Romania’s proposed compressed-air energy storage (CAES) project, developed by Hagag Europe and Airengy, introduces a potentially transformative model for long-duration energy storage in south-east Europe. While most storage investments in the region have focused on lithium-ion batteries designed to capture short-term intraday price movements, compressed-air storage targets a different segment of the market. In a power system increasingly shaped by renewable volatility, weather-dependent generation and growing balancing requirements, storage duration is becoming just as important as storage capacity.

The project intends to utilise Romania’s extensive underground salt-cavern formations as natural storage reservoirs. Electricity generated during low-price periods would be used to compress air and store it underground under high pressure. When electricity prices rise or system demand increases, the compressed air would be released to drive electricity generation. The first development phase is expected to provide approximately 200 MWh of storage capacity with an estimated investment of €4.5 million, while the second phase targets around 25 MW of discharge capacity and approximately 5 GWh of total storage, requiring investment estimated at roughly €55 million.

From a market perspective, compressed-air storage should not be viewed as a replacement for batteries but rather as a complementary flexibility technology. Lithium-ion batteries excel in applications such as frequency regulation, fast-response balancing services and daily energy arbitrage. Long-duration storage, by contrast, can capture value from multi-day price spreads, prolonged renewable shortfalls, extended periods of system stress and emerging capacity-related products. This creates a distinct revenue profile that may become increasingly valuable as renewable penetration grows across the region.

Romania’s need for additional flexibility is becoming more apparent with each new renewable project entering the market. Solar and wind deployment is expanding rapidly, while grid upgrades and storage investments have not always kept pace. The result is increasing price volatility, transmission bottlenecks and periods where renewable generation exceeds immediate demand. Long-duration compressed-air storage could help bridge these imbalances by shifting energy across multiple days rather than only a few hours, making it particularly valuable during extended low-wind conditions, cloudy periods or episodes of surplus renewable production.

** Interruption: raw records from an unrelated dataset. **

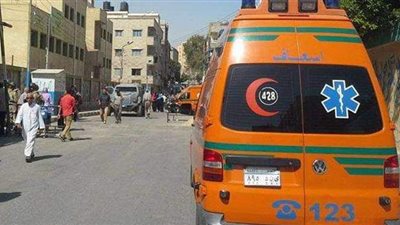 إصابة 7 أشخاص بحادث انقلاب تروسيكل بطريق 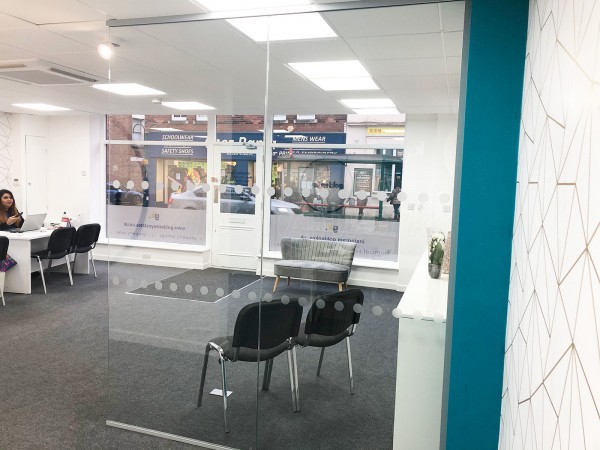 Golden Key Property Ltd (Leamington Spa, Warwickshire): Inline Single Glazed Toughened Glass Partitions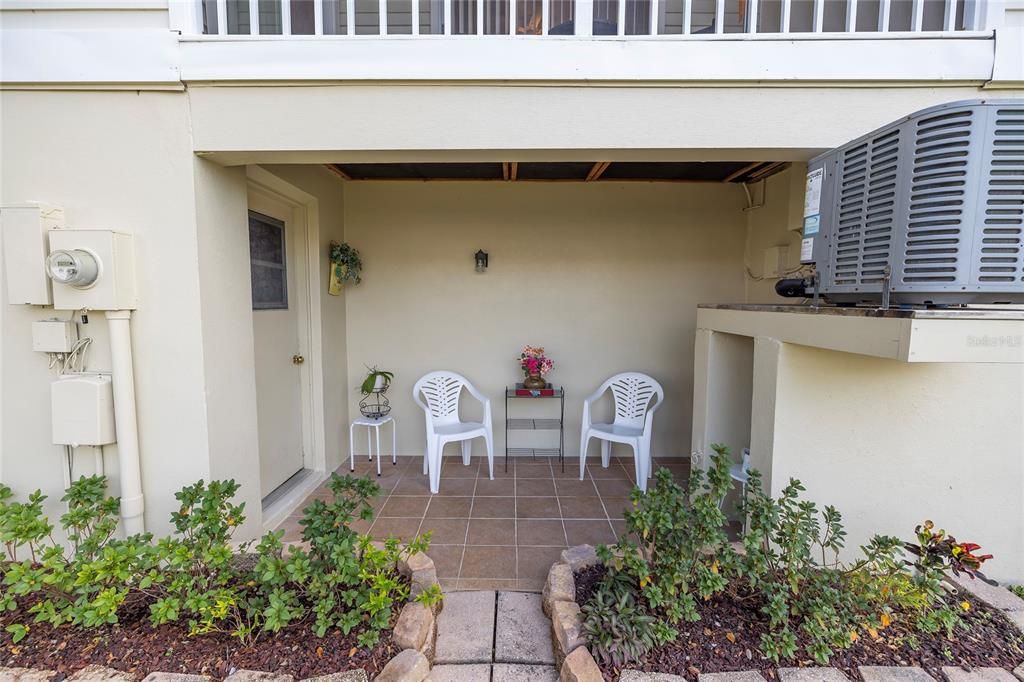 For Sale: $425,000 (2 beds, 2 baths, 920 Square Feet)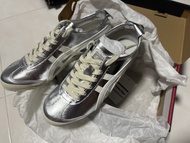 Onitsuka tiger 銀色波鞋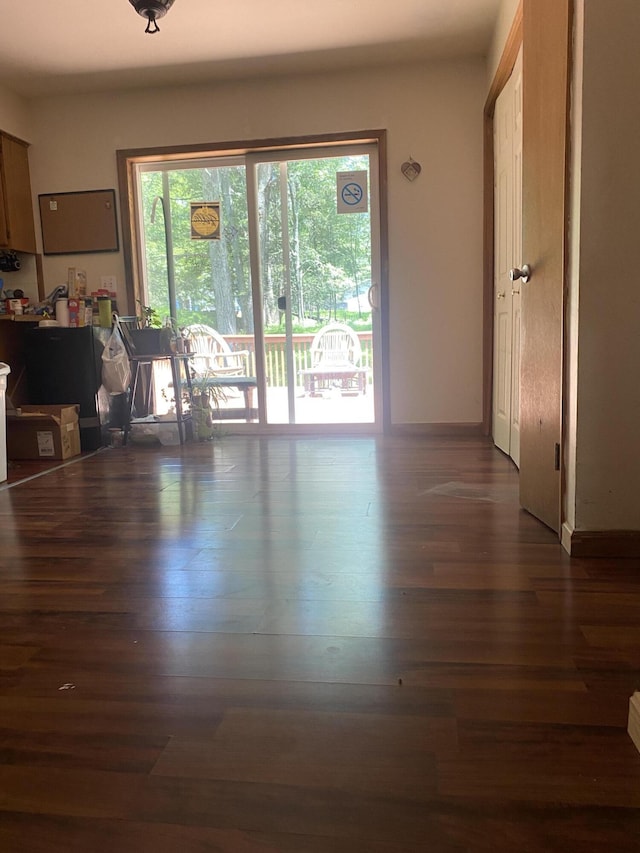 139 Davis Cir, Bushkill, PA 18324 - living room with wood finished floors and baseboards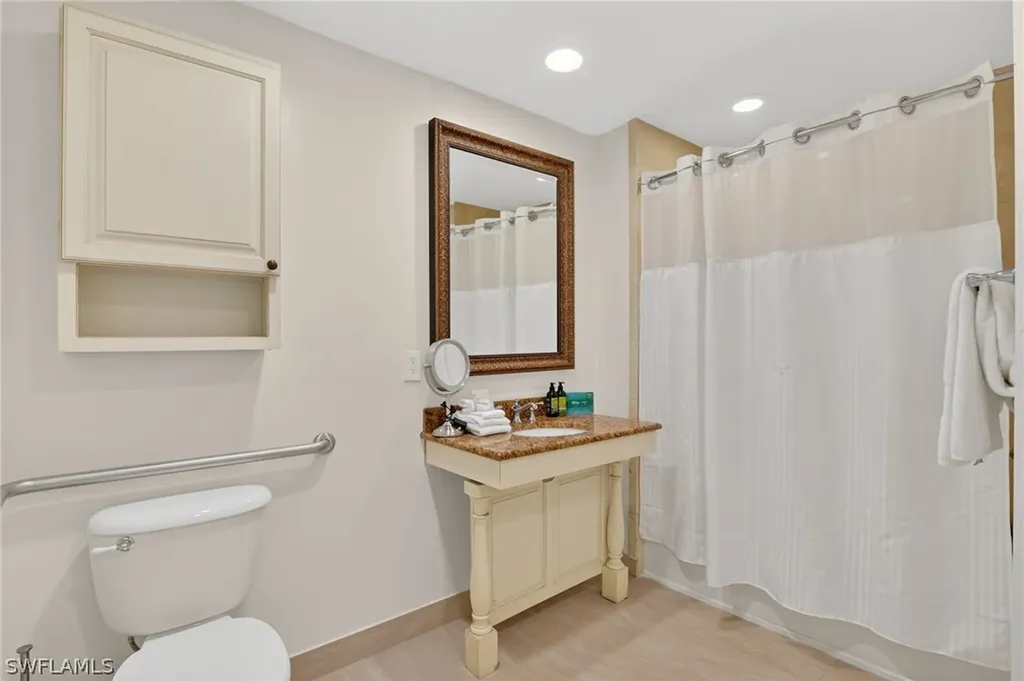 221 9th Street S Naples FL 34102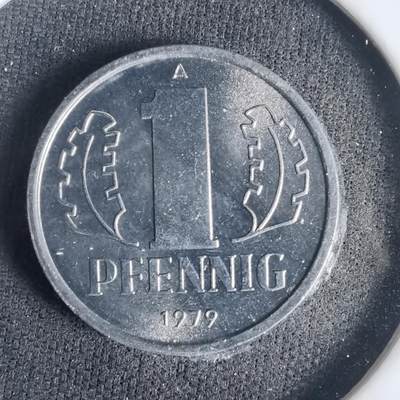 沼泽如烟--第1001场 - 东德1979年1芬尼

The project also benefits from a strong industrial and geological foundation. Romania possesses suitable salt-cavern resources, one of the largest renewable development pipelines in the region and an electricity market large enough to support innovative storage business models. Under the proposed structure, Hagag Europe contributes access to the cavern infrastructure, while Airengy provides the storage technology, engineering expertise and operational framework necessary to commercialise the asset.

The principal challenge remains bankability and market design. Long-duration storage projects require stable and predictable revenue streams, whether through energy arbitrage, balancing services, capacity remuneration mechanisms or contracted flexibility products. Without regulatory frameworks that adequately reward storage duration, projects may struggle to attract financing despite their clear system benefits. Romania’s compressed-air initiative is therefore significant not only as a single infrastructure investment but also as a test of how south-east Europe values flexibility. The region’s energy transition will require more than batteries alone. It will require a diversified storage ecosystem where speed, scale and duration are all recognised and rewarded within the market.